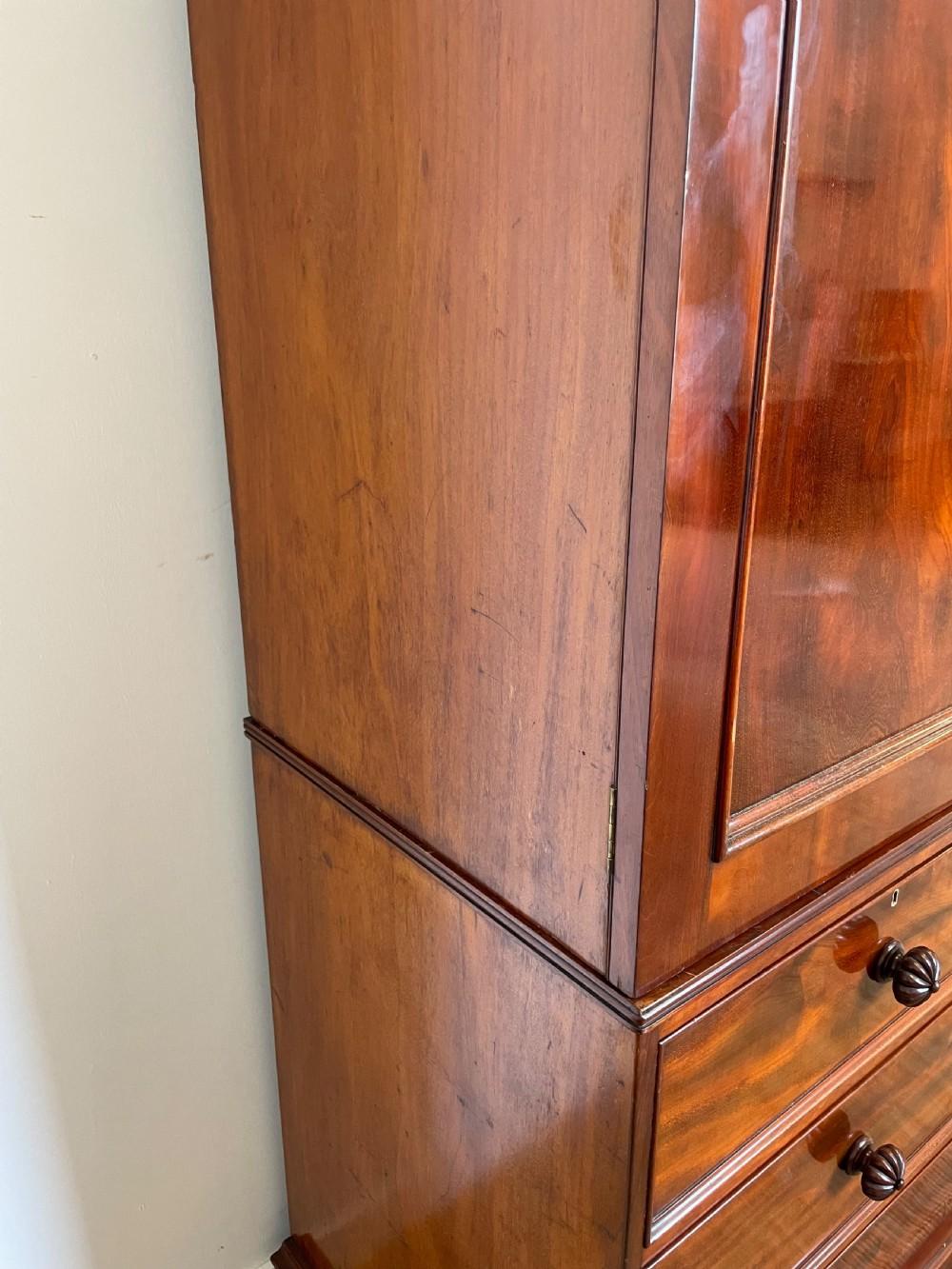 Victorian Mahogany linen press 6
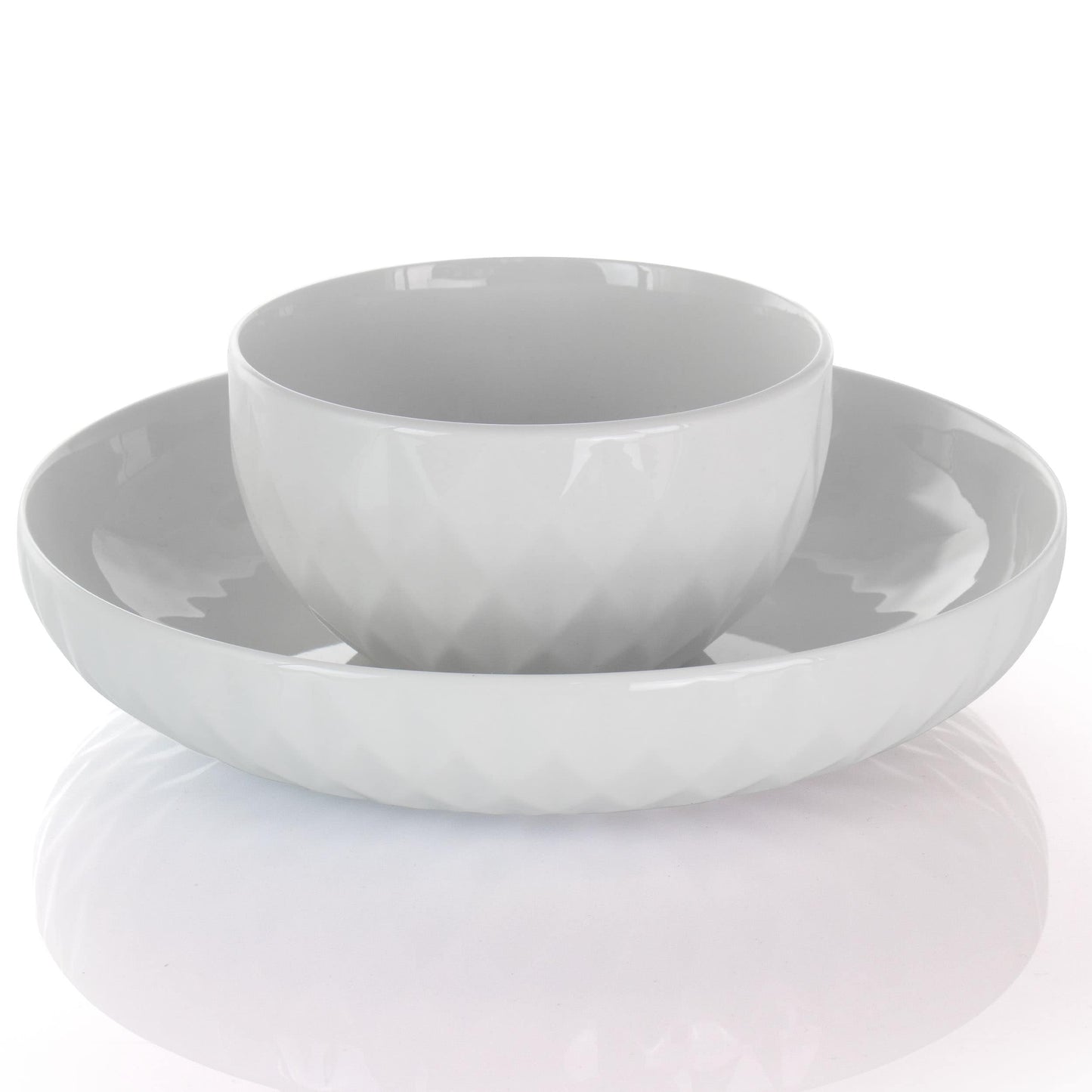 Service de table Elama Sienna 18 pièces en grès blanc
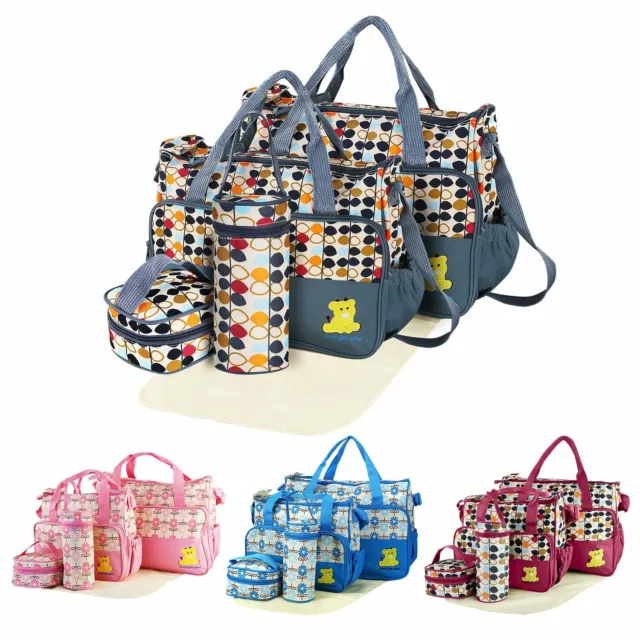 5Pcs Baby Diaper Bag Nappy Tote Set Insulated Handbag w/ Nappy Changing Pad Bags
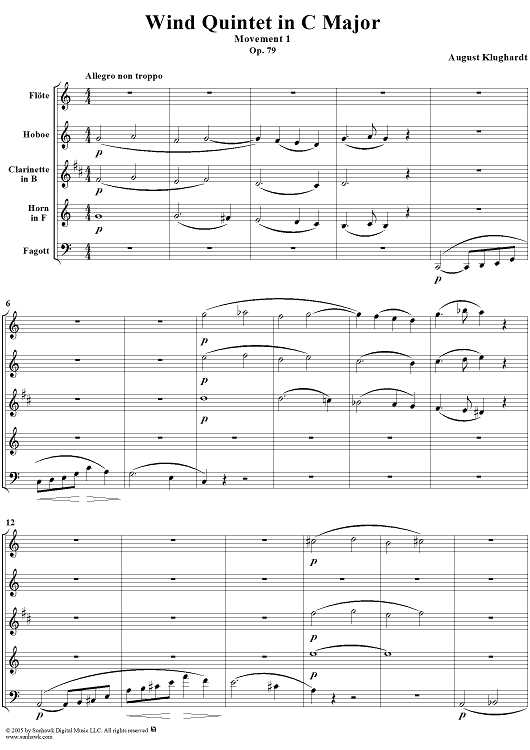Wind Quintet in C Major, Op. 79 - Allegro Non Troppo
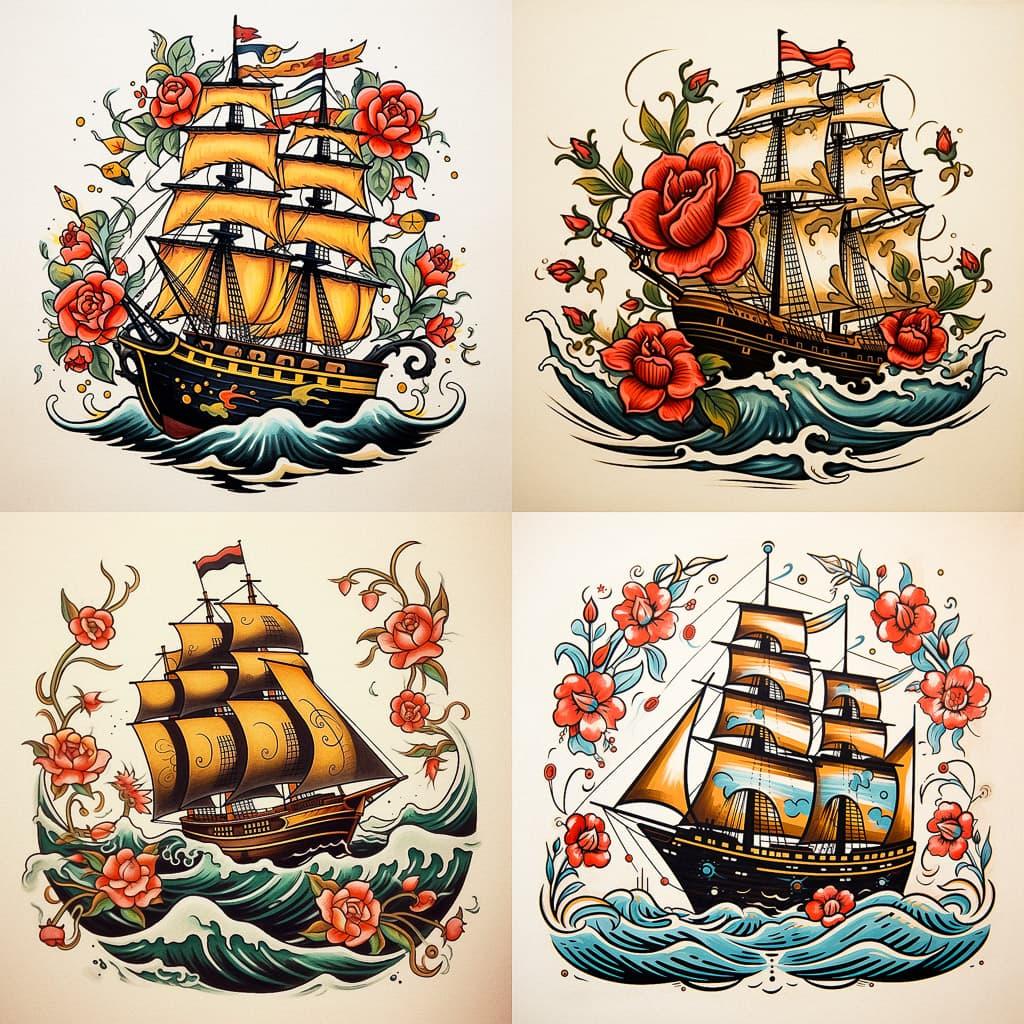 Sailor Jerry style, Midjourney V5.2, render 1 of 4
--
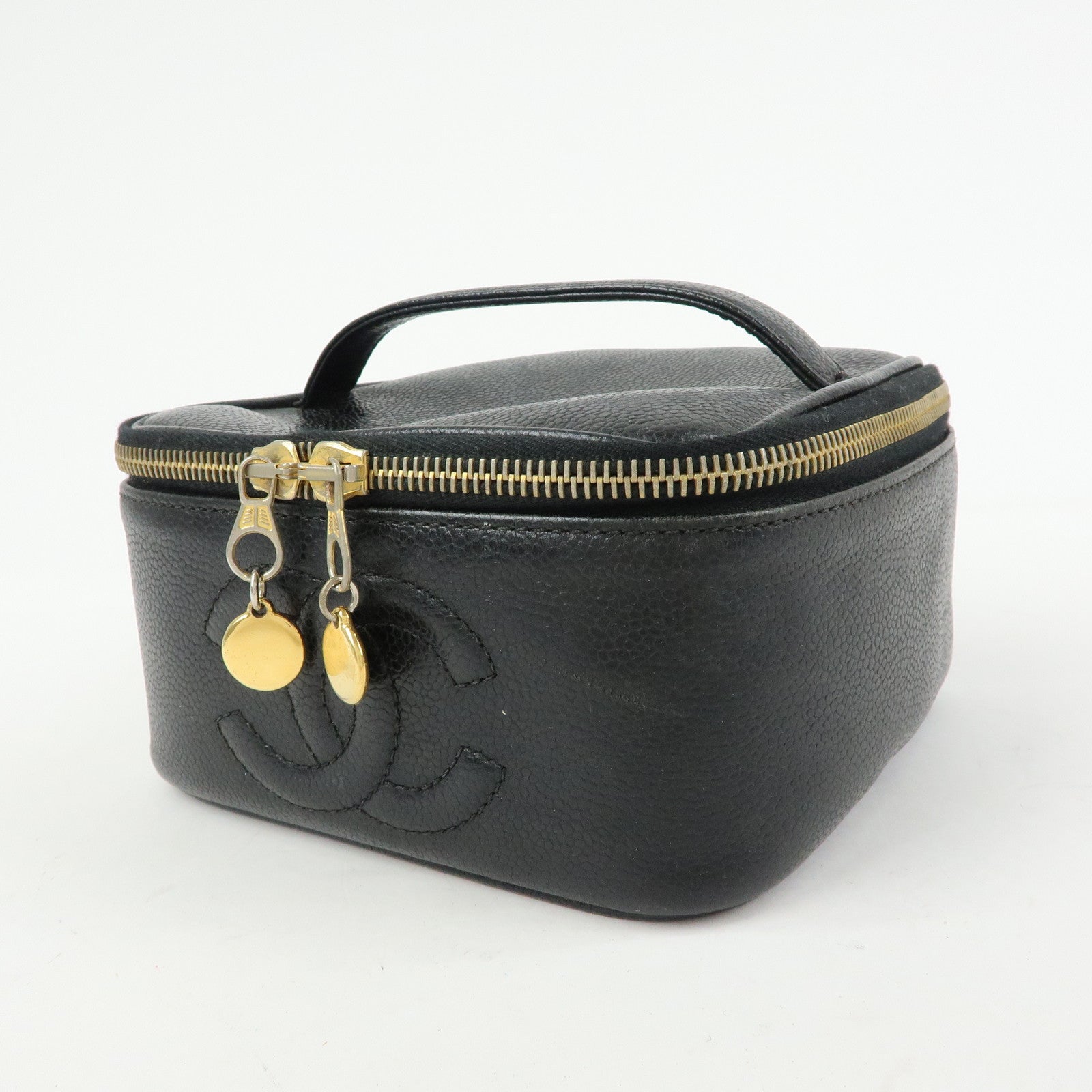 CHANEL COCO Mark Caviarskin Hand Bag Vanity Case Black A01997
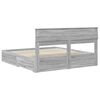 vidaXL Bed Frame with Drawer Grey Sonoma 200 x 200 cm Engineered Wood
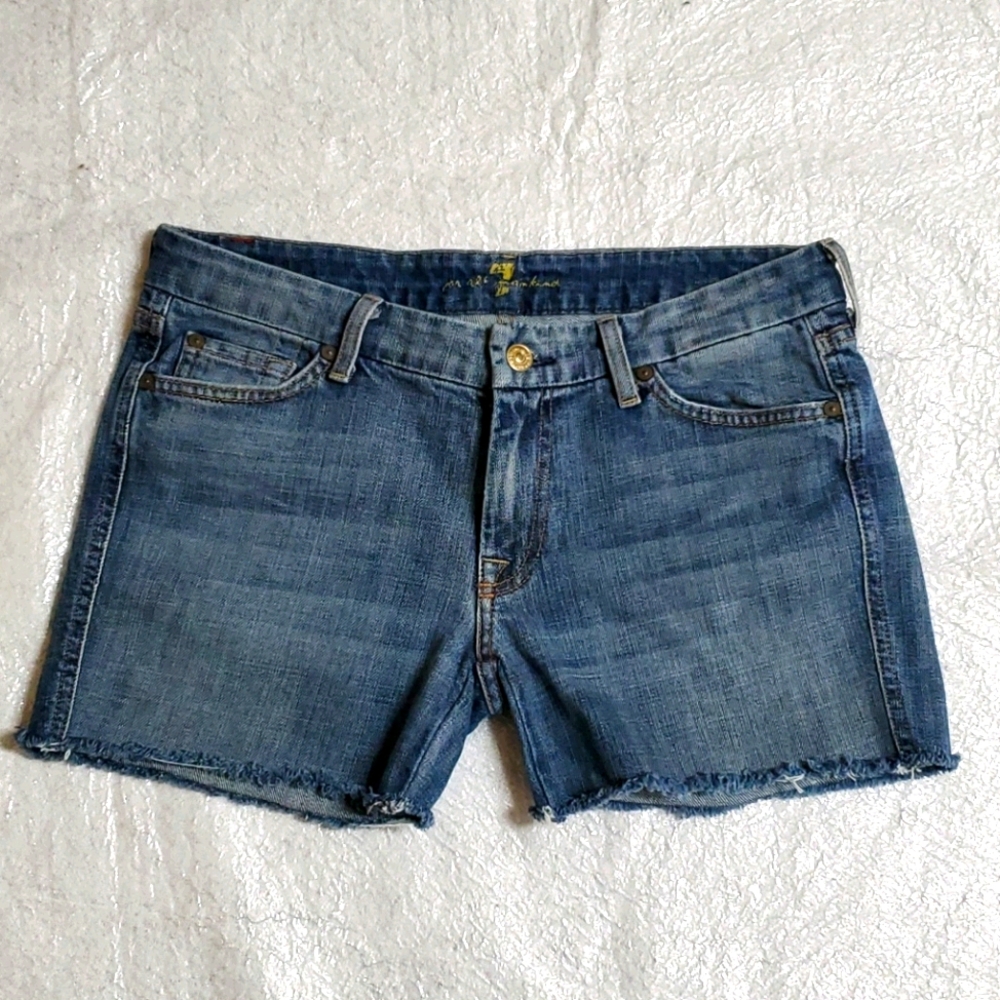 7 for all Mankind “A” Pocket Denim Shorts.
---
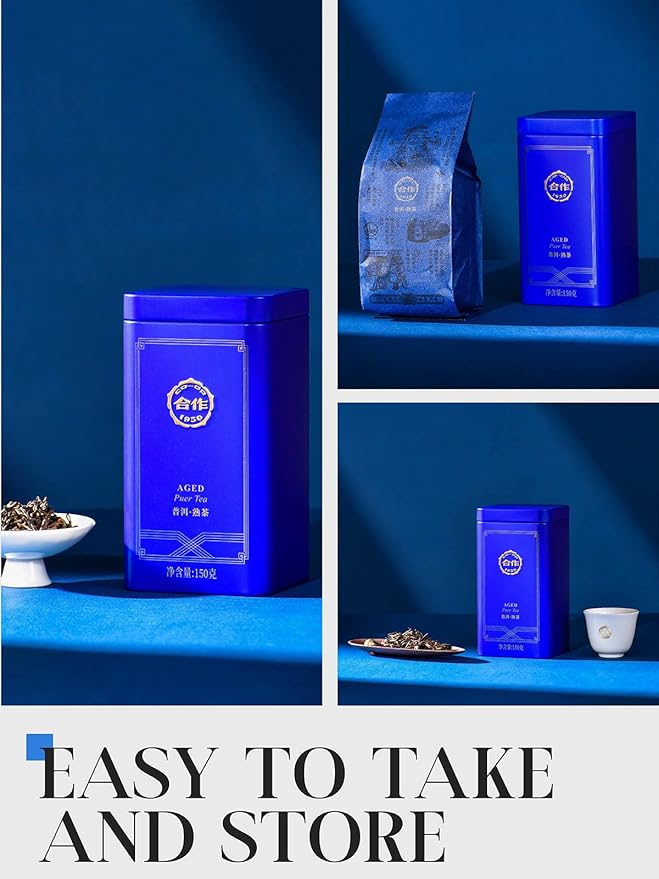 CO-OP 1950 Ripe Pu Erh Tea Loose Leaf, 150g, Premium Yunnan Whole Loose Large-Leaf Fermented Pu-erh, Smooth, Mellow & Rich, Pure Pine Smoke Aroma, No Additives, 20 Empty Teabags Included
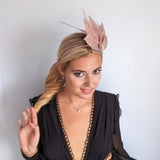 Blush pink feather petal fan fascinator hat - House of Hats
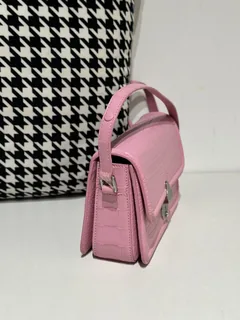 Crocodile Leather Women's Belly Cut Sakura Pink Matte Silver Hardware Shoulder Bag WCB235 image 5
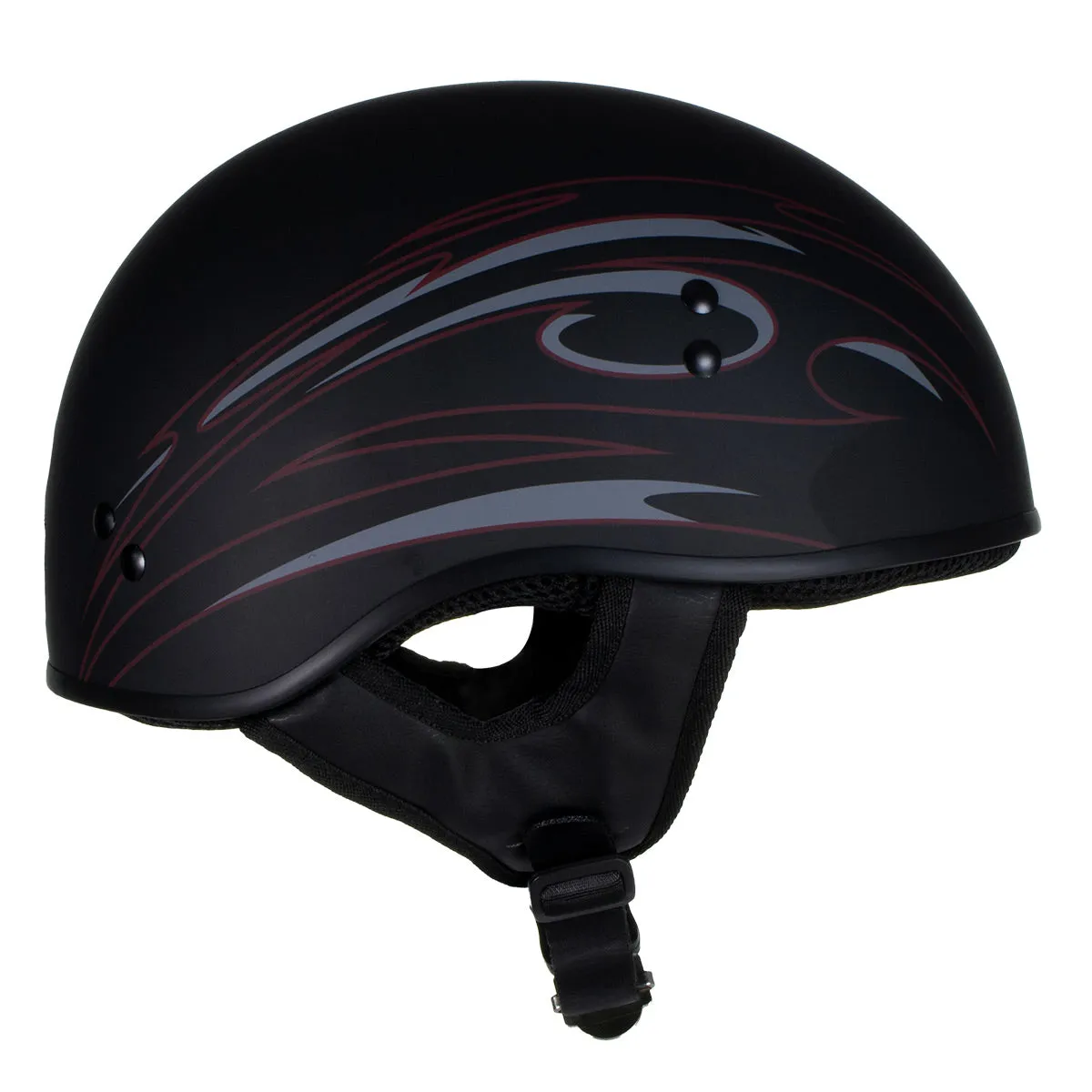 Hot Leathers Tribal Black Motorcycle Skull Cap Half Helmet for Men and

* **TASK REQUIREMENTS**
When copying from the data above, begin at the line containing "CO-OP 1950 Ripe" and end at the line containing "Hot Leathers Tribal"; return those lines exactly and leave all pictures behind.

* **RESPONSE BELOW**
 CO-OP 1950 Ripe Pu Erh Tea Loose Leaf, 150g, Premium Yunnan Whole Loose Large-Leaf Fermented Pu-erh, Smooth, Mellow & Rich, Pure Pine Smoke Aroma, No Additives, 20 Empty Teabags Included
 Blush pink feather petal fan fascinator hat - House of Hats
 Crocodile Leather Women's Belly Cut Sakura Pink Matte Silver Hardware Shoulder Bag WCB235 image 5
 Hot Leathers Tribal Black Motorcycle Skull Cap Half Helmet for Men and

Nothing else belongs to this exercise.